Segal is 64, and his handpicked heir apparent, President Barbara Turf, is in her late 50s. Even though Segal has no current plans to retire, a new generation of Crate & Barrel leaders soon will have to come to the fore.

The question: Can anyone fill the big shoes left by Segal and Turf? They have worked together to shape Crate & Barrel's vision almost since the company was started in a former elevator factory.

One thing appears likely: The next leader won't be a Segal.

The Segals' younger son, Robert, is an artist and fabric designer at Marimekko, the Finnish textile company. Daughter Katie Frekko is an attorney in Washington, D.C. Chris Segal, the older son, gave it a try but left the company several years ago and is working in the investment field.

If a leadership vacuum ever develops, it likely won't last long.

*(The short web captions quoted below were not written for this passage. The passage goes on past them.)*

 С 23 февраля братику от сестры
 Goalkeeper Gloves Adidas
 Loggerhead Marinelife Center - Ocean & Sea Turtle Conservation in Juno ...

Crate & Barrel's majority owner — German cataloguer Otto Versand — may not keep its hands off the chain after Segal is gone. Segal sold 70 percent of the company in early 1998, giving him access to more financial resources without having to go public.

Yet Crate & Barrel is such a product of Segal's imagination and energy that it is hard to imagine the place without him.

The mood at a Crate & Barrel is cool and calming. Glittering martini glasses are stacked by the dozens in columns illuminated by warm halogen lights. Furniture groupings are accented by vintage books and hatboxes.

Dusty glasses or fingerprint smudges are major no-nos. Employees spend hours painstakingly wiping glasses clean before the merchandise is put on the shelves. The flutes or highballs are dusted regularly and wiped clean again when a customer buys them.

Such fastidiousness is time-consuming and expensive from a labor standpoint, notes Sid Doolittle, retail consultant with Chicago's McMillan/Doolittle.

It's also unusual. In most department stores, china and crystal are displayed one place setting at a time. The bulk of the inventory is packed away.

"Gordon has substantially changed the category he is in," Doolittle said. "He went in with a fashion statement in a utilitarian category."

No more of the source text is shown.